(DATASET EXCERPTS begins)
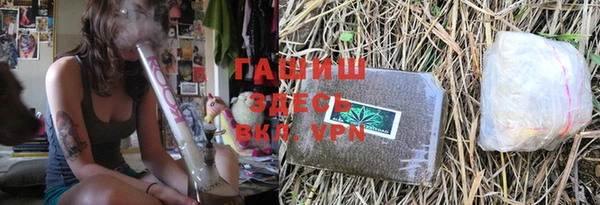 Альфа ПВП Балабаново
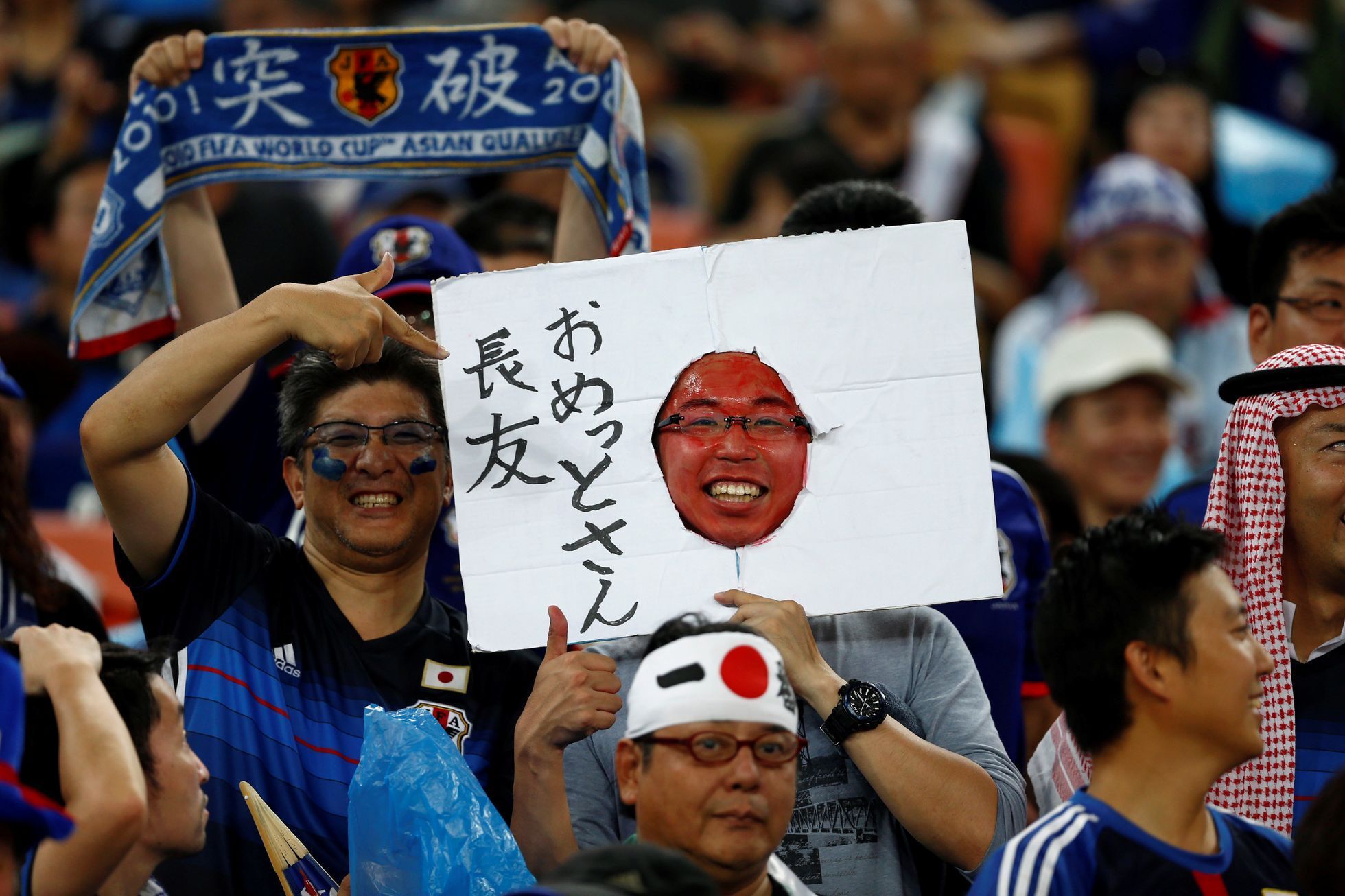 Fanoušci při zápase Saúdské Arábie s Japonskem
(DATASET EXCERPTS ends)
(DATASET EXCERPTS begins)
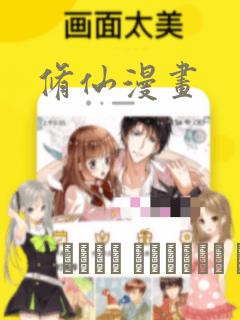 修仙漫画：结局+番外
(DATASET EXCERPTS ends)
WHAT YOU NEED TO DO:
Retype, exactly and with no pictures, everything above from the line with "Альфа ПВП Балабаново" down to the line with "Fanoušci při zápase", both included.

ANSWER AREA:
 Альфа ПВП Балабаново
 Fanoušci při zápase Saúdské Arábie s Japonskem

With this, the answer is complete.